----- DATA IN THIS EXERCISE

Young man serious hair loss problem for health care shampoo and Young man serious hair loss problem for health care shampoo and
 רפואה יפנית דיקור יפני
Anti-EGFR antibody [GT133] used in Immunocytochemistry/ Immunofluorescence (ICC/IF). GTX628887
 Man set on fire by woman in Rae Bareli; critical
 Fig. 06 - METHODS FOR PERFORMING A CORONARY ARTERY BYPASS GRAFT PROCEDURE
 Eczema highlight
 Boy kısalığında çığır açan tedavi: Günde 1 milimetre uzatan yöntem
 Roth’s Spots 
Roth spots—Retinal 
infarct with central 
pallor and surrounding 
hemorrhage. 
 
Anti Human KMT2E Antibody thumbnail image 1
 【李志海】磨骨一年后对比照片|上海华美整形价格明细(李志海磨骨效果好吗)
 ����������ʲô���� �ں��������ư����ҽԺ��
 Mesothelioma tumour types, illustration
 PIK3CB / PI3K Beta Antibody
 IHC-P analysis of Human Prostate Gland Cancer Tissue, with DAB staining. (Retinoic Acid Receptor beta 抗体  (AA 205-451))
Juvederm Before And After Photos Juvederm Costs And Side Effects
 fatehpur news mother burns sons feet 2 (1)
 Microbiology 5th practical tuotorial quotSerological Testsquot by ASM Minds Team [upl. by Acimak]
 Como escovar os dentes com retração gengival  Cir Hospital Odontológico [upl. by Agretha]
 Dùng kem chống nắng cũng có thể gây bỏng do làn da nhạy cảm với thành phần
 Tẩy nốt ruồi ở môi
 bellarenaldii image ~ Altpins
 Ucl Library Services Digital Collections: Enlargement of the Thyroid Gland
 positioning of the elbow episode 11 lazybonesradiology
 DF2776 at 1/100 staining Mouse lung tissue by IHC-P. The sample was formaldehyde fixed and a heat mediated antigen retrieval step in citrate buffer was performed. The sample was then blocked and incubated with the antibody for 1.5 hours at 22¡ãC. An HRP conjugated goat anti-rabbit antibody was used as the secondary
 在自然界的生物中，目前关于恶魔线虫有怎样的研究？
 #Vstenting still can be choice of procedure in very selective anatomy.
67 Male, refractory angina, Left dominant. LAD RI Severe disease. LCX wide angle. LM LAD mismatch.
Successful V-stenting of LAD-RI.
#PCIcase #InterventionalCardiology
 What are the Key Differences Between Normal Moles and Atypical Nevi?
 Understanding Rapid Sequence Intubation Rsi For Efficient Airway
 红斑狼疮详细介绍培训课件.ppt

----------

** AIM OF THE TASK **
Extract, exactly, the lines above that begin at the line containing "DF2776 at 1/100" and end at the final line of the records; add no other text.

** ANSWER TO THIS EXERCISE **
 DF2776 at 1/100 staining Mouse lung tissue by IHC-P. The sample was formaldehyde fixed and a heat mediated antigen retrieval step in citrate buffer was performed. The sample was then blocked and incubated with the antibody for 1.5 hours at 22¡ãC. An HRP conjugated goat anti-rabbit antibody was used as the secondary
 在自然界的生物中，目前关于恶魔线虫有怎样的研究？
 #Vstenting still can be choice of procedure in very selective anatomy.
67 Male, refractory angina, Left dominant. LAD RI Severe disease. LCX wide angle. LM LAD mismatch.
Successful V-stenting of LAD-RI.
#PCIcase #InterventionalCardiology
 What are the Key Differences Between Normal Moles and Atypical Nevi?
 Understanding Rapid Sequence Intubation Rsi For Efficient Airway
 红斑狼疮详细介绍培训课件.ppt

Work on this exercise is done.